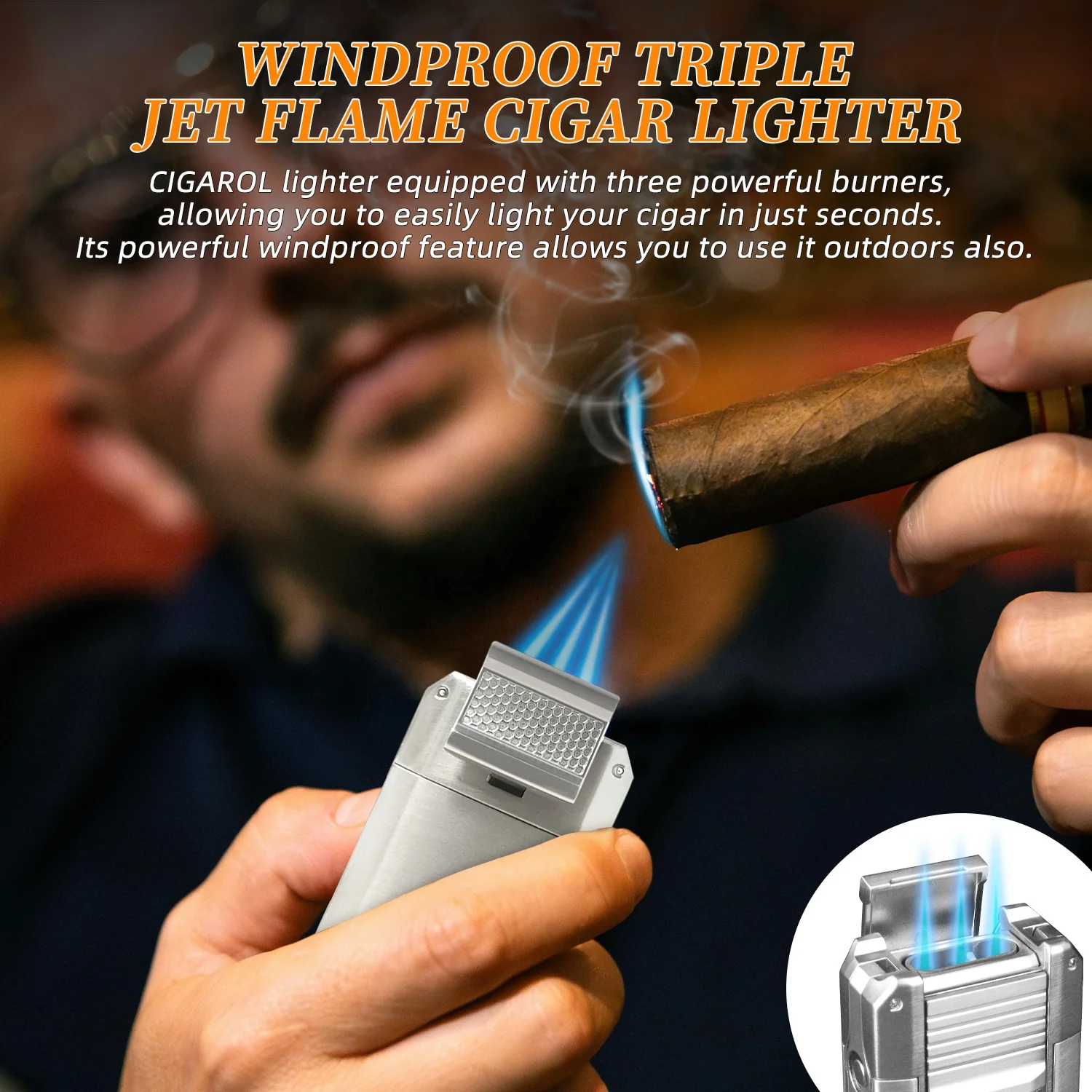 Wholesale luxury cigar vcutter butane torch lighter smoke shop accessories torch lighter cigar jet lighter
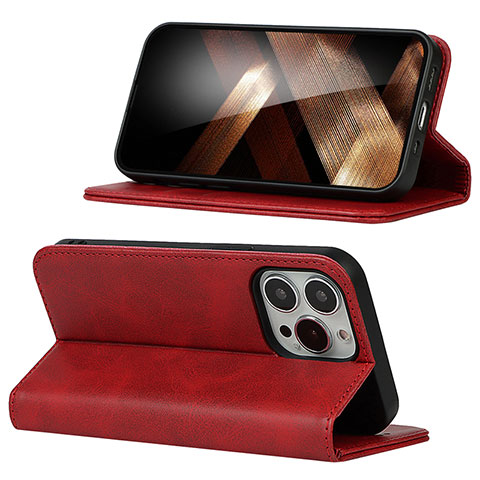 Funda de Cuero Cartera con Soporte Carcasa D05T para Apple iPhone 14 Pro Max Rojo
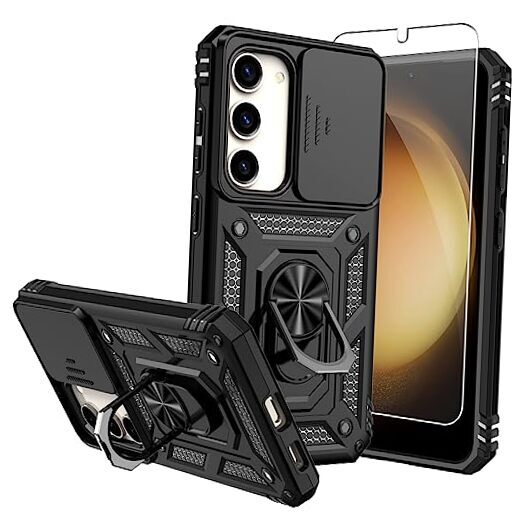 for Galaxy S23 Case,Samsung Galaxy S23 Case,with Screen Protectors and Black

Work instructions
Using the material above, set down every line exactly, but skip the pictures.

Expected answer
 Wholesale luxury cigar vcutter butane torch lighter smoke shop accessories torch lighter cigar jet lighter
 Funda de Cuero Cartera con Soporte Carcasa D05T para Apple iPhone 14 Pro Max Rojo
 for Galaxy S23 Case,Samsung Galaxy S23 Case,with Screen Protectors and Black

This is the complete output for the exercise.